• **Task details**:
Could you repeat the whole listing below exactly, omitting any picture it holds?

[[ Available data, beginning ]]

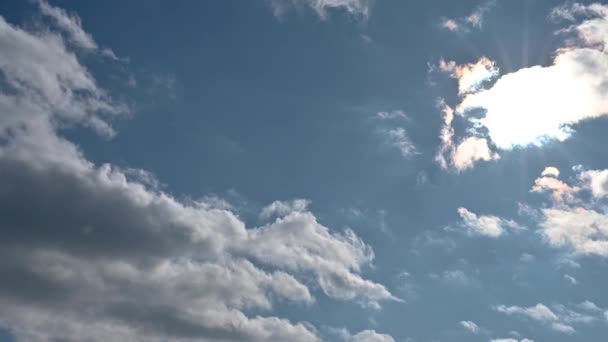 Σύννεφα Στον Ουρανό Υπέροχο Θέαμα Ενός Ουρανού Γεμάτου Σύννεφα Βάθος — Αρχείο Βίντεο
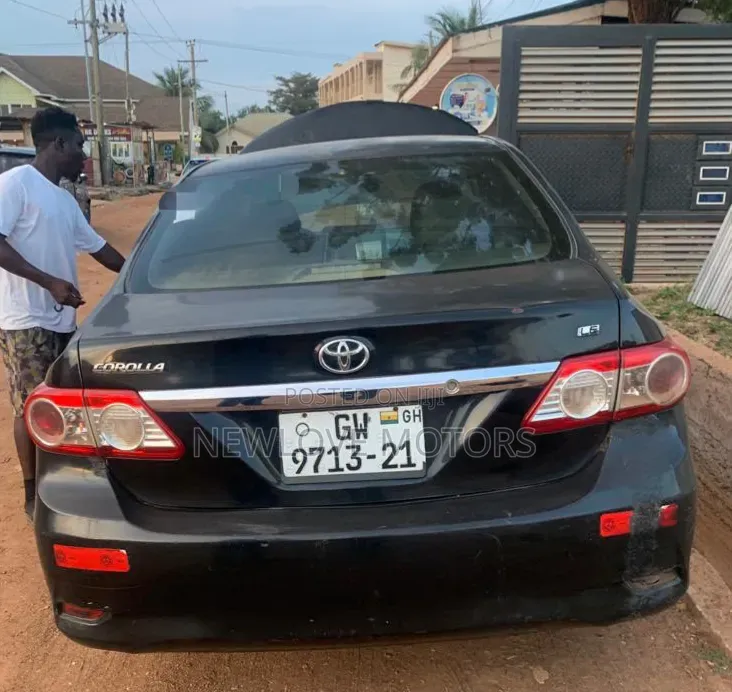 Toyota Corolla S 5-Speed 2013 Black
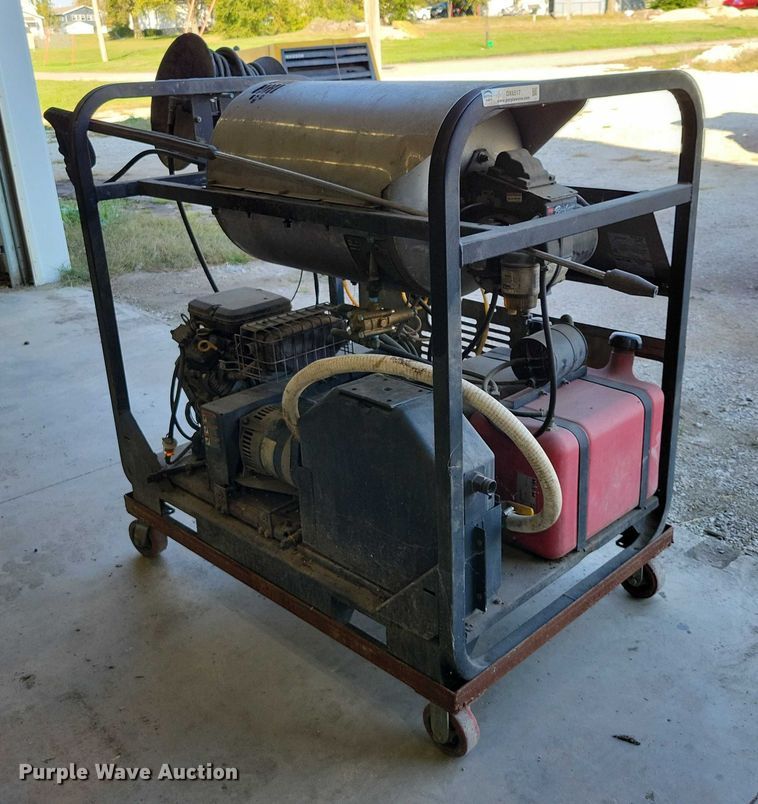 image for item DX6517 Mi-T-M pressure washer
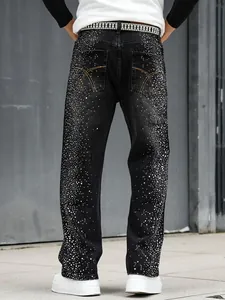 Vue arrière de jean ample coupe droite pour homme avec ornements en strass brillants.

[[ Available data, end ]]

• **Expected answer**:
 Σύννεφα Στον Ουρανό Υπέροχο Θέαμα Ενός Ουρανού Γεμάτου Σύννεφα Βάθος — Αρχείο Βίντεο
 Toyota Corolla S 5-Speed 2013 Black
 image for item DX6517 Mi-T-M pressure washer
 Vue arrière de jean ample coupe droite pour homme avec ornements en strass brillants.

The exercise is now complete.